* YOUR OBJECTIVE *
The answer must be an exact copy of all the data below.

* PROVIDED RECORDS *

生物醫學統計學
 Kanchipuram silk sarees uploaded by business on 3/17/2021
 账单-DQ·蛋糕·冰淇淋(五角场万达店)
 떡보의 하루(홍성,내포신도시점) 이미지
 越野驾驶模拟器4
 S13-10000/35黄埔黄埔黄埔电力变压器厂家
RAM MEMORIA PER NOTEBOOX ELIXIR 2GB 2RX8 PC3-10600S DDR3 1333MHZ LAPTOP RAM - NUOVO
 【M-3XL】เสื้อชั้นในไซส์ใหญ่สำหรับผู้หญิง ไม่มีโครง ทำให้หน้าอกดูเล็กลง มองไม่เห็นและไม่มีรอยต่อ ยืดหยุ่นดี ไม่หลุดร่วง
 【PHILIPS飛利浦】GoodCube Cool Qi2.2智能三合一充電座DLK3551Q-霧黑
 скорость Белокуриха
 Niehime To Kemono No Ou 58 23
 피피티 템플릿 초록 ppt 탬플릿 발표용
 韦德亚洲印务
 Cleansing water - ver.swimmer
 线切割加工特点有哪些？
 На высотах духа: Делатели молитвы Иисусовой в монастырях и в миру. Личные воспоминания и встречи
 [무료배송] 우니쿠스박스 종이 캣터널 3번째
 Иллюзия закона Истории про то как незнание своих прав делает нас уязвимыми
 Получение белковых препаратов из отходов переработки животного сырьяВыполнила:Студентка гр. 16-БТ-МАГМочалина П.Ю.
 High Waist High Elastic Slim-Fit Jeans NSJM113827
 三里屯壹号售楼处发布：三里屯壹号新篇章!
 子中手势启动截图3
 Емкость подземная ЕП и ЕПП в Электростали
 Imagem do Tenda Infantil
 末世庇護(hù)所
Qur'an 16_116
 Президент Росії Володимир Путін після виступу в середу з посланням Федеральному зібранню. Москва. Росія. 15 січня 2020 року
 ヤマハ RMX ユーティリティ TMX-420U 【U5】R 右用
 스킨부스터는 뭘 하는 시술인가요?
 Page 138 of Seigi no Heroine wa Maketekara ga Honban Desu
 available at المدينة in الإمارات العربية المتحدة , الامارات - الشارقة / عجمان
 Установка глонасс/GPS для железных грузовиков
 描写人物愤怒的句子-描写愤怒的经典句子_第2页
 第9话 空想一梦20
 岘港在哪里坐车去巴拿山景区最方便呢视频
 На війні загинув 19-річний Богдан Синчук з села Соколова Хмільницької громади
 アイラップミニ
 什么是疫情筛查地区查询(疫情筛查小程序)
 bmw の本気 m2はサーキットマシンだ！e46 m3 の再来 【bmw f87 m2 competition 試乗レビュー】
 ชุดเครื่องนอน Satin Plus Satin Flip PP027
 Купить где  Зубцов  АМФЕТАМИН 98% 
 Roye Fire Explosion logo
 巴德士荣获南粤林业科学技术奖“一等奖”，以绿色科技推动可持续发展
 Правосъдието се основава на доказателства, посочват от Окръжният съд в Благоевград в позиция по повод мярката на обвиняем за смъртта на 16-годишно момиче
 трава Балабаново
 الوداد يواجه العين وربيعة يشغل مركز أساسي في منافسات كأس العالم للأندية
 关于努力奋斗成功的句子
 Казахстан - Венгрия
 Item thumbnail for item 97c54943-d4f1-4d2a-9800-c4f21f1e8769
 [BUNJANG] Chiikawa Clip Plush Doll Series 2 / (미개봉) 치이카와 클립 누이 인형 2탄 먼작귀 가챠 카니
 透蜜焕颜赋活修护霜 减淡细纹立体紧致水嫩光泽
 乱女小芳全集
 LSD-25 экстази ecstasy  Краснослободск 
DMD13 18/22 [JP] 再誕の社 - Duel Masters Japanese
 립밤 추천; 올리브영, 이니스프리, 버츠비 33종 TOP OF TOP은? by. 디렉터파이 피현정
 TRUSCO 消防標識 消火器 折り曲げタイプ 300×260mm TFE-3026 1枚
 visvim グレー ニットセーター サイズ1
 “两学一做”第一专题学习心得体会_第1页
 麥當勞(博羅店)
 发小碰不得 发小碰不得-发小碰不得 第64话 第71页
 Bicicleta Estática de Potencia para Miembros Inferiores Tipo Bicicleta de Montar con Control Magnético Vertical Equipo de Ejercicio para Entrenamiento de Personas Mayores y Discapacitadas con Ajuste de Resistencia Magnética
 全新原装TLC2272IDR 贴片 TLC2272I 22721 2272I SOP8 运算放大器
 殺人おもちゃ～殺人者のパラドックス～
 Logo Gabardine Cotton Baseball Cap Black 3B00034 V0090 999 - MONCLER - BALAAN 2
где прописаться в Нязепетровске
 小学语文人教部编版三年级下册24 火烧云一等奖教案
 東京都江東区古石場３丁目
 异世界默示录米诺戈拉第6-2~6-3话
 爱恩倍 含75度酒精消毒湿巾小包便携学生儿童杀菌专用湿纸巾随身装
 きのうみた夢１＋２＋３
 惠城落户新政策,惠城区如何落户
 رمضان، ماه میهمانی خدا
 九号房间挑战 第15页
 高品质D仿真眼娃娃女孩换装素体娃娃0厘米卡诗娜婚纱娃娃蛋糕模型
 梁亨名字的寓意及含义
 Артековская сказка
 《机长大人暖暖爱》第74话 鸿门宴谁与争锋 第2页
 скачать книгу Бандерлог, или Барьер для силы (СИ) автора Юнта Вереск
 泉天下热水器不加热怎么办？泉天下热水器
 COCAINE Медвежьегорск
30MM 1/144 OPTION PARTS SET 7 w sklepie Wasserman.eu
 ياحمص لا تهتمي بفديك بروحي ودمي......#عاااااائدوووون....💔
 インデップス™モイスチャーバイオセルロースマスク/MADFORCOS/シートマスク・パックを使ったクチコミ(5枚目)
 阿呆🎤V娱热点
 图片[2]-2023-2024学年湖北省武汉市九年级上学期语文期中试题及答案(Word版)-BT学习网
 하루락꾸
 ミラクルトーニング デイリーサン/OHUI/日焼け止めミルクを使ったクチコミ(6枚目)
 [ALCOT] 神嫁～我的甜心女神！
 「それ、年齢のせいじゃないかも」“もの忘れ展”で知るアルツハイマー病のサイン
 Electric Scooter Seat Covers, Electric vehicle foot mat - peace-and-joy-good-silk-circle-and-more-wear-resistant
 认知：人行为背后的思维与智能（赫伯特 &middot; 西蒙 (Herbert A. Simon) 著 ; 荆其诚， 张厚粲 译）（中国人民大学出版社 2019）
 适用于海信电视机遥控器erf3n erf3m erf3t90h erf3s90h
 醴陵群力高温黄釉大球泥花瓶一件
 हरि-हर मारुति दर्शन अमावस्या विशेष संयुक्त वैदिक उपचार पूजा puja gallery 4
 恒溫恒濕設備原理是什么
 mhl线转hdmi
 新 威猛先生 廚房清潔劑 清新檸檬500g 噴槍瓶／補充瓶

* ANSWER *
生物醫學統計學
 Kanchipuram silk sarees uploaded by business on 3/17/2021
 账单-DQ·蛋糕·冰淇淋(五角场万达店)
 떡보의 하루(홍성,내포신도시점) 이미지
 越野驾驶模拟器4
 S13-10000/35黄埔黄埔黄埔电力变压器厂家
RAM MEMORIA PER NOTEBOOX ELIXIR 2GB 2RX8 PC3-10600S DDR3 1333MHZ LAPTOP RAM - NUOVO
 【M-3XL】เสื้อชั้นในไซส์ใหญ่สำหรับผู้หญิง ไม่มีโครง ทำให้หน้าอกดูเล็กลง มองไม่เห็นและไม่มีรอยต่อ ยืดหยุ่นดี ไม่หลุดร่วง
 【PHILIPS飛利浦】GoodCube Cool Qi2.2智能三合一充電座DLK3551Q-霧黑
 скорость Белокуриха
 Niehime To Kemono No Ou 58 23
 피피티 템플릿 초록 ppt 탬플릿 발표용
 韦德亚洲印务
 Cleansing water - ver.swimmer
 线切割加工特点有哪些？
 На высотах духа: Делатели молитвы Иисусовой в монастырях и в миру. Личные воспоминания и встречи
 [무료배송] 우니쿠스박스 종이 캣터널 3번째
 Иллюзия закона Истории про то как незнание своих прав делает нас уязвимыми
 Получение белковых препаратов из отходов переработки животного сырьяВыполнила:Студентка гр. 16-БТ-МАГМочалина П.Ю.
 High Waist High Elastic Slim-Fit Jeans NSJM113827
 三里屯壹号售楼处发布：三里屯壹号新篇章!
 子中手势启动截图3
 Емкость подземная ЕП и ЕПП в Электростали
 Imagem do Tenda Infantil
 末世庇護(hù)所
Qur'an 16_116
 Президент Росії Володимир Путін після виступу в середу з посланням Федеральному зібранню. Москва. Росія. 15 січня 2020 року
 ヤマハ RMX ユーティリティ TMX-420U 【U5】R 右用
 스킨부스터는 뭘 하는 시술인가요?
 Page 138 of Seigi no Heroine wa Maketekara ga Honban Desu
 available at المدينة in الإمارات العربية المتحدة , الامارات - الشارقة / عجمان
 Установка глонасс/GPS для железных грузовиков
 描写人物愤怒的句子-描写愤怒的经典句子_第2页
 第9话 空想一梦20
 岘港在哪里坐车去巴拿山景区最方便呢视频
 На війні загинув 19-річний Богдан Синчук з села Соколова Хмільницької громади
 アイラップミニ
 什么是疫情筛查地区查询(疫情筛查小程序)
 bmw の本気 m2はサーキットマシンだ！e46 m3 の再来 【bmw f87 m2 competition 試乗レビュー】
 ชุดเครื่องนอน Satin Plus Satin Flip PP027
 Купить где  Зубцов  АМФЕТАМИН 98% 
 Roye Fire Explosion logo
 巴德士荣获南粤林业科学技术奖“一等奖”，以绿色科技推动可持续发展
 Правосъдието се основава на доказателства, посочват от Окръжният съд в Благоевград в позиция по повод мярката на обвиняем за смъртта на 16-годишно момиче
 трава Балабаново
 الوداد يواجه العين وربيعة يشغل مركز أساسي في منافسات كأس العالم للأندية
 关于努力奋斗成功的句子
 Казахстан - Венгрия
 Item thumbnail for item 97c54943-d4f1-4d2a-9800-c4f21f1e8769
 [BUNJANG] Chiikawa Clip Plush Doll Series 2 / (미개봉) 치이카와 클립 누이 인형 2탄 먼작귀 가챠 카니
 透蜜焕颜赋活修护霜 减淡细纹立体紧致水嫩光泽
 乱女小芳全集
 LSD-25 экстази ecstasy  Краснослободск 
DMD13 18/22 [JP] 再誕の社 - Duel Masters Japanese
 립밤 추천; 올리브영, 이니스프리, 버츠비 33종 TOP OF TOP은? by. 디렉터파이 피현정
 TRUSCO 消防標識 消火器 折り曲げタイプ 300×260mm TFE-3026 1枚
 visvim グレー ニットセーター サイズ1
 “两学一做”第一专题学习心得体会_第1页
 麥當勞(博羅店)
 发小碰不得 发小碰不得-发小碰不得 第64话 第71页
 Bicicleta Estática de Potencia para Miembros Inferiores Tipo Bicicleta de Montar con Control Magnético Vertical Equipo de Ejercicio para Entrenamiento de Personas Mayores y Discapacitadas con Ajuste de Resistencia Magnética
 全新原装TLC2272IDR 贴片 TLC2272I 22721 2272I SOP8 运算放大器
 殺人おもちゃ～殺人者のパラドックス～
 Logo Gabardine Cotton Baseball Cap Black 3B00034 V0090 999 - MONCLER - BALAAN 2
где прописаться в Нязепетровске
 小学语文人教部编版三年级下册24 火烧云一等奖教案
 東京都江東区古石場３丁目
 异世界默示录米诺戈拉第6-2~6-3话
 爱恩倍 含75度酒精消毒湿巾小包便携学生儿童杀菌专用湿纸巾随身装
 きのうみた夢１＋２＋３
 惠城落户新政策,惠城区如何落户
 رمضان، ماه میهمانی خدا
 九号房间挑战 第15页
 高品质D仿真眼娃娃女孩换装素体娃娃0厘米卡诗娜婚纱娃娃蛋糕模型
 梁亨名字的寓意及含义
 Артековская сказка
 《机长大人暖暖爱》第74话 鸿门宴谁与争锋 第2页
 скачать книгу Бандерлог, или Барьер для силы (СИ) автора Юнта Вереск
 泉天下热水器不加热怎么办？泉天下热水器
 COCAINE Медвежьегорск
30MM 1/144 OPTION PARTS SET 7 w sklepie Wasserman.eu
 ياحمص لا تهتمي بفديك بروحي ودمي......#عاااااائدوووون....💔
 インデップス™モイスチャーバイオセルロースマスク/MADFORCOS/シートマスク・パックを使ったクチコミ(5枚目)
 阿呆🎤V娱热点
 图片[2]-2023-2024学年湖北省武汉市九年级上学期语文期中试题及答案(Word版)-BT学习网
 하루락꾸
 ミラクルトーニング デイリーサン/OHUI/日焼け止めミルクを使ったクチコミ(6枚目)
 [ALCOT] 神嫁～我的甜心女神！
 「それ、年齢のせいじゃないかも」“もの忘れ展”で知るアルツハイマー病のサイン
 Electric Scooter Seat Covers, Electric vehicle foot mat - peace-and-joy-good-silk-circle-and-more-wear-resistant
 认知：人行为背后的思维与智能（赫伯特 &middot; 西蒙 (Herbert A. Simon) 著 ; 荆其诚， 张厚粲 译）（中国人民大学出版社 2019）
 适用于海信电视机遥控器erf3n erf3m erf3t90h erf3s90h
 醴陵群力高温黄釉大球泥花瓶一件
 हरि-हर मारुति दर्शन अमावस्या विशेष संयुक्त वैदिक उपचार पूजा puja gallery 4
 恒溫恒濕設備原理是什么
 mhl线转hdmi
 新 威猛先生 廚房清潔劑 清新檸檬500g 噴槍瓶／補充瓶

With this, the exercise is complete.